Robert Mapplethorpe Fluid Beauty
Robert Mapplethorpe’s name is synonymous with boundary-breaking themes. His highly subversive portraits took the art world by storm in the eighties, addressing taboo issues of love, sex, the body, and homosexuality in a time when the AIDS epidemic swept across the globe, changing it forever. Over three decades later, Mapplethorpe’s photographs have proven as timeless as they were the day he snapped the shutter; still holding up a mirror to current issues of sex and gender in a political climate once again rife with changing conceptions of meaning, appearance, and acceptance.
Olga Korper Gallery’s seventh solo exhibition of Mapplethorpe’s work, Fluid Beauty, investigates the continued relevance that his photographs have in contemporary culture. In an age where notions of identity are being continuously asserted, challenged, and changed, the function and necessity of traditional gender roles has become a fervently argued debate. Fluid Beauty explores the strength of women and the vulnerability of men beyond political opinion, personal definition, and public expression. The exhibition addresses preconceived rules about what it really means to be male, to be female, and to belong, both within the body and within society. Fluid Beauty seeks out androgyny, finding beauty in the absence of definition.
Robert Mapplethorpe (1946-1989) was born in New York. He earned a B.F.A. from Pratt Institute in Brooklyn, where he produced artwork in a variety of media, mainly collage. The shift to photography as Mapplethorpe’s sole means of expression happened gradually during the mid-seventies. He took his first photographs of his close friend, the singer-artist-poet Patti Smith, using a Polaroid camera, and later became known for his portraits of composers, architects, socialites, stars of pornographic films, members of the S&M underground, and an array of other unique people, many of whom were personal friends. Mapplethorpe had his first solo exhibition in New York in 1976.
During the early 1980s, his photographs shifted to emphasize classical formal beauty, concentrating on statuesque male and female nudes, delicate flowers, still life, and formal portraits. In 1988, four major exhibitions of his work were organized by the Stedelijk Museum in Amsterdam, the Whitney Museum of American Art in New York, The Institute of Contemporary Art at the University of Pennsylvania, Philadelphia, and the National Portrait Gallery in London. These exhibitions, and the controversial works they presented, sparked an international and ongoing debate about public funding for the arts, censorship and other First Amendment concerns, as well as the definition of that which is considered art.

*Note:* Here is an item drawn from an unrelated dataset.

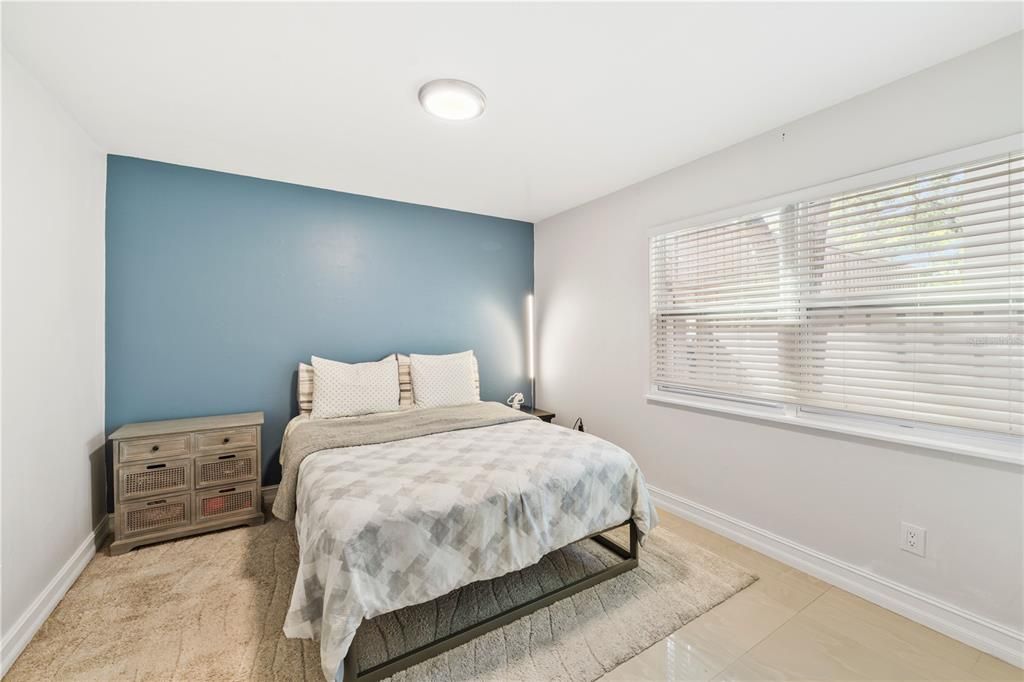 En Venta: $260,000 (3 camas, 3 baños, 1834 Pies cuadrados)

Mapplethorpe died from AIDS on March 9, 1989, in Boston, at age 42. Since that time, his work has been the subject of numerous exhibitions in galleries and museums throughout the world, including major travelling retrospectives. Robert Mapplethorpe’s work is widely collected, and he is considered by many art scholars to be among the most important American photographers of the latter half of the twentieth century.